И вот тут Касс, сам не свой от ужаса, вскочил возле входа в пещеру и побежал по тропинке в город. Он не знает, видело ли его семейство Нардуццо; скорее всего да, потому что, когда он вскочил, из-под ног у него посыпался град камней. Наверно, он представлял собой дикое зрелище – человек с багровой кожей и растрепанными волосами; и может быть, до сих пор они в своем Уэст-Энглвуде с изумлением вспоминают больное, искаженное страхом лицо соотечественника, возникшего в сумерках над их лужайкой.
И Касс до сих пор не уверен, что не уничтожил бы Поп-пи, детей и себя, как собирался сделать в Париже, если бы в долине по дороге в город не повстречал священника. Ибо план у него – чтобы спасти их от этой бури, от этого солнца, взорванного его виной, – был именно таков. Стереть с лица земли (как он сам однажды объяснил) все следы и отпечатки, всю грязь Кинсолвинга, его любовь и пустые надежды, его жалкое племя и его вину…

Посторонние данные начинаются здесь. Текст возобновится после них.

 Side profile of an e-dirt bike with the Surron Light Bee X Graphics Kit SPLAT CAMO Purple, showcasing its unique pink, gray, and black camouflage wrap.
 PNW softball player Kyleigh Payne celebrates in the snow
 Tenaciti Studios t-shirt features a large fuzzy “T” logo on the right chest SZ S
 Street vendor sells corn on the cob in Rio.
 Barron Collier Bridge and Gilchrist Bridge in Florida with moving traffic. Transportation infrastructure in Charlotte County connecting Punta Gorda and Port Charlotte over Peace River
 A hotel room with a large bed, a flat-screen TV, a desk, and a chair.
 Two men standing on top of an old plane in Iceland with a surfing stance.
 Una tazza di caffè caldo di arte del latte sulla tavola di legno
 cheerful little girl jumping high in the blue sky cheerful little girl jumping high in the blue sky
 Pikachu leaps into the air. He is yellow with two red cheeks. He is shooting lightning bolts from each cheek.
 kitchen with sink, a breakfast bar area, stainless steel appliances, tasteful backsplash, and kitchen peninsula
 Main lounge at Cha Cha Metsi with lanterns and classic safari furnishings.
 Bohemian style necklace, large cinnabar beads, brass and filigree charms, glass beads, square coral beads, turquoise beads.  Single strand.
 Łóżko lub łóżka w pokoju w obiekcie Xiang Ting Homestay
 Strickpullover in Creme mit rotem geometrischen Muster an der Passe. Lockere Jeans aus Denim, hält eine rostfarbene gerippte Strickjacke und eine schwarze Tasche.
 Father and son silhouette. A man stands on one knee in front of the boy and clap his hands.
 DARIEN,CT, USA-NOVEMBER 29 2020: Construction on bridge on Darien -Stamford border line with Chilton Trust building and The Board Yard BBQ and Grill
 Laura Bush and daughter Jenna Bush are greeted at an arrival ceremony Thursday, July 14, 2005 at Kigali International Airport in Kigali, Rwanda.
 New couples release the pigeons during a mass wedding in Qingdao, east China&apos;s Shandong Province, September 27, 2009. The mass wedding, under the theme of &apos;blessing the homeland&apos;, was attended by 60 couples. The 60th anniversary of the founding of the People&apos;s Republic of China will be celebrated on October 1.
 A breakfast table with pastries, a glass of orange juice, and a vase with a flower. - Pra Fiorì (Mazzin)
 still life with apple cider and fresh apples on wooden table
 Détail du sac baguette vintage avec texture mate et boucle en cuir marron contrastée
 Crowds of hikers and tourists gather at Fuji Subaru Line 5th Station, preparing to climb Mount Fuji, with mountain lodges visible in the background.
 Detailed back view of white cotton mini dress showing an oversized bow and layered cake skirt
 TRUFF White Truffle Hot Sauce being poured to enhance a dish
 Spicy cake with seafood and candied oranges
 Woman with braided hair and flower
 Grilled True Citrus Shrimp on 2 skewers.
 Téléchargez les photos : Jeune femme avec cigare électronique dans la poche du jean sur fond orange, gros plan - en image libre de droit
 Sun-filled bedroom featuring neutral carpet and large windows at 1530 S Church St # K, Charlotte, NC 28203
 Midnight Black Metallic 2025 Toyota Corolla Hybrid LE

Но недалеко от города, где его тропинка сходилась с другой, он невольно примкнул к процессии, возглавляемой маленьким седоватым, носатым священником в белой, пожелтевшей от старости ризе. На лице у священника была написана смертельная тревога. За ним, подавшись вперед, неуклюже вышагивал долговязый служка-подросток с прыщавым лицом и длинным подбородком; он нес святые дары, прижимая их к груди заботливо и осторожно, как будто ему случалось ронять их в прошлом и быть наказанным за свою неловкость. Тропинка шла по склону, и Кассу не оставалось ничего другого, как пристроиться к священнику. Тот сказал:
– La pace sia con voi. [355] Жарко, правда? Не удивлюсь, если будет гроза. – От священника пахло немытым телом, дышал он часто и отрывисто. Касс не ответил, потому что солнце нависало все ближе, пылающее и необъятное.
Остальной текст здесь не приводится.